Thankfully, my education and experience at our country’s most prestigious Catholic School saved my life. I was recruited to play softball at the University of Notre Dame, and upon taking my first theology class, I fell deeply in love with the liturgical and intellectual tradition of the Church. I found a language and relationship with God that fed my soul and slowly brought me back to life.

Although my more evangelical roots where damaging to my Spirit, they did not take away my Center, my deep love of God and desire to get to know Her more. My desire to know God more led me to even more studies. I completed a Masters of Theological Studies at Vanderbilt University with the Carpenter Certificate in Religion, Gender, and Sexuality. During my time at Vandy, I received the Arcus Grant to work in a church in Nashville on LGTBQ issues and faith where I helped found their ongoing ministry, Launch Pad, for young adults experiencing homelessness. It was during this experience that mentors, colleagues and friends started to point out to me that I might be called to priesthood.
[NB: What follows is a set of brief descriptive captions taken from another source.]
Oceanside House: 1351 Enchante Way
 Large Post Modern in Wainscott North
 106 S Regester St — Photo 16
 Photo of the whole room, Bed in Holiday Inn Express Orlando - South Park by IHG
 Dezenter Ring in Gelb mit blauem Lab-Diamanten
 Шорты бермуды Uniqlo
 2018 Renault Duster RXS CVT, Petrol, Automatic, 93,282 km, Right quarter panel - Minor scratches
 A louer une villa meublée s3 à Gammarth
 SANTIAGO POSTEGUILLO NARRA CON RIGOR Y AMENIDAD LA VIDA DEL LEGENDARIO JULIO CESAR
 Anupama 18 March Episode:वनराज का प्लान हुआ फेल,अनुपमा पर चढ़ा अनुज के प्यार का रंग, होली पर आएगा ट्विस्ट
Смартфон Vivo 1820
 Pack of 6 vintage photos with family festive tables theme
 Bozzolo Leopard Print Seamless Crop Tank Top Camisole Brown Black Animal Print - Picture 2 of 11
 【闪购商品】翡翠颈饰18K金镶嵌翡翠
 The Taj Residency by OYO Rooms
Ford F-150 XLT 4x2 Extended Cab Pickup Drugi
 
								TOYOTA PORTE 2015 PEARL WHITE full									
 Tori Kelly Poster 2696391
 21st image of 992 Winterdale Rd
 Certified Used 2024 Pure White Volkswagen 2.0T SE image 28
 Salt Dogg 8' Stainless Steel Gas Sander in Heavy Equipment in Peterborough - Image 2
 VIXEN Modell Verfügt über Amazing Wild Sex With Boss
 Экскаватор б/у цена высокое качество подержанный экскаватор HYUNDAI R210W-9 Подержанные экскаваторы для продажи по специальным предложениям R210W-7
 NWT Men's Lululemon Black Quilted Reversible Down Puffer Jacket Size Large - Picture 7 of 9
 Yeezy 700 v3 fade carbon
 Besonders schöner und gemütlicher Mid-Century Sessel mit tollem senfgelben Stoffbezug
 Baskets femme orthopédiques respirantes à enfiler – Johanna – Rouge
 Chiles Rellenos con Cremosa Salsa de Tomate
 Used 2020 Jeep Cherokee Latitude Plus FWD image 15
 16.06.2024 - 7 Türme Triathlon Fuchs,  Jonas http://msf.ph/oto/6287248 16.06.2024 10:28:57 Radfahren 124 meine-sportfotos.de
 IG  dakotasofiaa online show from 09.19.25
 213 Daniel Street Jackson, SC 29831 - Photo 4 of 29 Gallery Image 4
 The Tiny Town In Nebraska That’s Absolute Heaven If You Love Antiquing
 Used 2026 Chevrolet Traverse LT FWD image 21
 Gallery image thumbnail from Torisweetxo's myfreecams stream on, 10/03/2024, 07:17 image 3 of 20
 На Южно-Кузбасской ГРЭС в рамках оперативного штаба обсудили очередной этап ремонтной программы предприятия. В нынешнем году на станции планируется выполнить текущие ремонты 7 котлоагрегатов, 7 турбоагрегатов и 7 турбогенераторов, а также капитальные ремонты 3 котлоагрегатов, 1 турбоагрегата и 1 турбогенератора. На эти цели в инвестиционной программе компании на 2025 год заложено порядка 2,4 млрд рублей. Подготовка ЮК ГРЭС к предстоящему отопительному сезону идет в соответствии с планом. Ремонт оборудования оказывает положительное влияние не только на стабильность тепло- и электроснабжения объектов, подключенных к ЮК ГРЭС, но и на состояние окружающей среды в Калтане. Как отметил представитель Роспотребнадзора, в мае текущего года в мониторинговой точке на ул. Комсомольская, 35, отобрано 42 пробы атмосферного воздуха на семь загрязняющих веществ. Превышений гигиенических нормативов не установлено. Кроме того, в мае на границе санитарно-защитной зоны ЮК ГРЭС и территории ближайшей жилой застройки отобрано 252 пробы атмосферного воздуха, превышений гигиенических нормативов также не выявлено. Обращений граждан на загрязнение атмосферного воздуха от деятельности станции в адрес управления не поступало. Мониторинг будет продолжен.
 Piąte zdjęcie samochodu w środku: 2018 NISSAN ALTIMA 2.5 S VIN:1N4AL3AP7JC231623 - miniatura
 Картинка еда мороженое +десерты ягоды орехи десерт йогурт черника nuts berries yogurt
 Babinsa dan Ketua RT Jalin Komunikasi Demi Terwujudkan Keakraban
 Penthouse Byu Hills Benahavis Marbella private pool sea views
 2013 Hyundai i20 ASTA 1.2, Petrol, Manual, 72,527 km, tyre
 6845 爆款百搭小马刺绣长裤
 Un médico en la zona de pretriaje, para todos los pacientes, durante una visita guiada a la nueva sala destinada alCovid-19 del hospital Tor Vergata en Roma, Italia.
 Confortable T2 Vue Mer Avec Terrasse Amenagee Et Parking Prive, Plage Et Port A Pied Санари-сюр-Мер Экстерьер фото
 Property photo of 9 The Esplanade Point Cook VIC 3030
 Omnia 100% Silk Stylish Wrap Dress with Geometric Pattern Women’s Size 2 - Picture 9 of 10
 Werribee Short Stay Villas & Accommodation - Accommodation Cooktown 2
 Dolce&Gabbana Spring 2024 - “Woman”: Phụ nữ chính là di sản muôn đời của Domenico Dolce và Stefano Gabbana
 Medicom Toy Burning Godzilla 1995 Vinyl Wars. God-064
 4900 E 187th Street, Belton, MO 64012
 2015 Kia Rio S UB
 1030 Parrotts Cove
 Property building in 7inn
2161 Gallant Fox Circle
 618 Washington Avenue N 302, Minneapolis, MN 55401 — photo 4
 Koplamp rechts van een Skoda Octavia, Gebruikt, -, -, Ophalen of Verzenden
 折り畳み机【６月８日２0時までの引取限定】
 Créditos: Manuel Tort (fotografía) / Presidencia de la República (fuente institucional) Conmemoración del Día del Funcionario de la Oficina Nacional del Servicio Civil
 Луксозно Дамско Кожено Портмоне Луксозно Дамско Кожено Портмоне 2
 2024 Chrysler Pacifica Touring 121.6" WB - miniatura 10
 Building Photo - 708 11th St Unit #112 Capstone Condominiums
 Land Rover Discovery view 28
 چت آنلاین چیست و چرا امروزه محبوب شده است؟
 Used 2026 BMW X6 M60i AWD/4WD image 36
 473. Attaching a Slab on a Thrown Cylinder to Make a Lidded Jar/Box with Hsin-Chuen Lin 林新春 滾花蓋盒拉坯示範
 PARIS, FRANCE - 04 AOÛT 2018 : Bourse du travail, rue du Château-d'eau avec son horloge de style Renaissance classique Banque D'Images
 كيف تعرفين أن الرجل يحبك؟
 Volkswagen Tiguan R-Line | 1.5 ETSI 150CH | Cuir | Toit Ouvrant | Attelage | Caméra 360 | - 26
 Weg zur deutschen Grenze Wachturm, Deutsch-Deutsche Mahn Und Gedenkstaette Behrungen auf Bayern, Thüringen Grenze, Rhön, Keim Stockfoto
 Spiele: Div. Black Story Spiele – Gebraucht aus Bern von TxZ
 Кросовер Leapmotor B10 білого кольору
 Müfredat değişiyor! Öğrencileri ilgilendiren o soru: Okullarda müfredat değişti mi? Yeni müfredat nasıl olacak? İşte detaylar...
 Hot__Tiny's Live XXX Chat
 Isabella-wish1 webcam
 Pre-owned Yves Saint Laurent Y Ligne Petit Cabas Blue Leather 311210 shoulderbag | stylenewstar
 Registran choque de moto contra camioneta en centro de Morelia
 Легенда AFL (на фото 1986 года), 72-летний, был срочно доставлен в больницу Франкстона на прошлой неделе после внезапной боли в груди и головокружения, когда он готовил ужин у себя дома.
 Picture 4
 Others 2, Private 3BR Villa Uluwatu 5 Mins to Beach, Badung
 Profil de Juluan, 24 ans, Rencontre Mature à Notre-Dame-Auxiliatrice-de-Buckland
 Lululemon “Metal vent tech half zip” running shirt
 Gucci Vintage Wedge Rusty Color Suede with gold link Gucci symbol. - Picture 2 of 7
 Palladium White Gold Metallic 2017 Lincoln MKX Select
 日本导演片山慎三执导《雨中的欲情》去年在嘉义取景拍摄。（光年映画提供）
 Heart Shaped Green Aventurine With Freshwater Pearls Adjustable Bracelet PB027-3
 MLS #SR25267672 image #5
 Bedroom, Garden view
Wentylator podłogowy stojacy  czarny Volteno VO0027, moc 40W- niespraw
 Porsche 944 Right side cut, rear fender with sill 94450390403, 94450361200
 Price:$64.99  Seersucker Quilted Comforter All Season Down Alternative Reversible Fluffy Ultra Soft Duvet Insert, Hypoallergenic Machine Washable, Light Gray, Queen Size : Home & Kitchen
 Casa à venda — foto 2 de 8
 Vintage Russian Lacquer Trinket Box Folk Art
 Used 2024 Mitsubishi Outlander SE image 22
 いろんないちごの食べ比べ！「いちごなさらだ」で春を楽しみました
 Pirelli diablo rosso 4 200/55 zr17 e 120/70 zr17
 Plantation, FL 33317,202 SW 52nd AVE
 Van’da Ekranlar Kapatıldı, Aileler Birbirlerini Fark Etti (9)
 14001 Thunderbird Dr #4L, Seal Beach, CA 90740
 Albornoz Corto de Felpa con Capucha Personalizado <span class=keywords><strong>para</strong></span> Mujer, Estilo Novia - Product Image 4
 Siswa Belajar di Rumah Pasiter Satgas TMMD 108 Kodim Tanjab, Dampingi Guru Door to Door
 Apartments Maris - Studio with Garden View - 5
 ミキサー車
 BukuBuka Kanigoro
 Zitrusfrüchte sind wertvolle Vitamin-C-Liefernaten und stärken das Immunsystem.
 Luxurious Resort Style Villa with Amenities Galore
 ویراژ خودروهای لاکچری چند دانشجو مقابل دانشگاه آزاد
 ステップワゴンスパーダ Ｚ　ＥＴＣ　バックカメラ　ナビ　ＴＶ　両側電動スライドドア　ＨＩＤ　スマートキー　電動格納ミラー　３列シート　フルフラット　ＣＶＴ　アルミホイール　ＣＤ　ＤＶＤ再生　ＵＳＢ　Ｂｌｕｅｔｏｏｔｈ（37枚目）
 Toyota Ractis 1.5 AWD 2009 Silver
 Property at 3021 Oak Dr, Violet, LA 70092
Today, I am back home in Oklahoma serving as the Coordinator of Media for the Episcopal Diocese of Oklahoma, and am an Aspirant in the Holy Orders Process to become a priest.  Throughout my studies and my pastoral field education, I learned that “God loves everyone–really–no exceptions.” This is the motto of Grace Episcopal Church in Yukon, Oklahoma, that is sponsoring me for ordination.  Diversity is a gift from God. Who are we to limit God’s great Creation in the beautiful variety and non-binary life forms that exist?  

Being queer is simply a reflection of the Creator who made me. It is one aspect of who I am and where I am from. God is not a specific gender or sexuality, either. In fact, God made them all, and they were Good. I consider myself UNCHANGED as a beloved child of God. God’s very Spirit lives inside each and everyone of us as our life Source, our Center and our Hope. If we want to access God in the most primordial place, all we need to do is look inside. She’s there waiting for us to learn we already are–perfect, whole, complete children of God.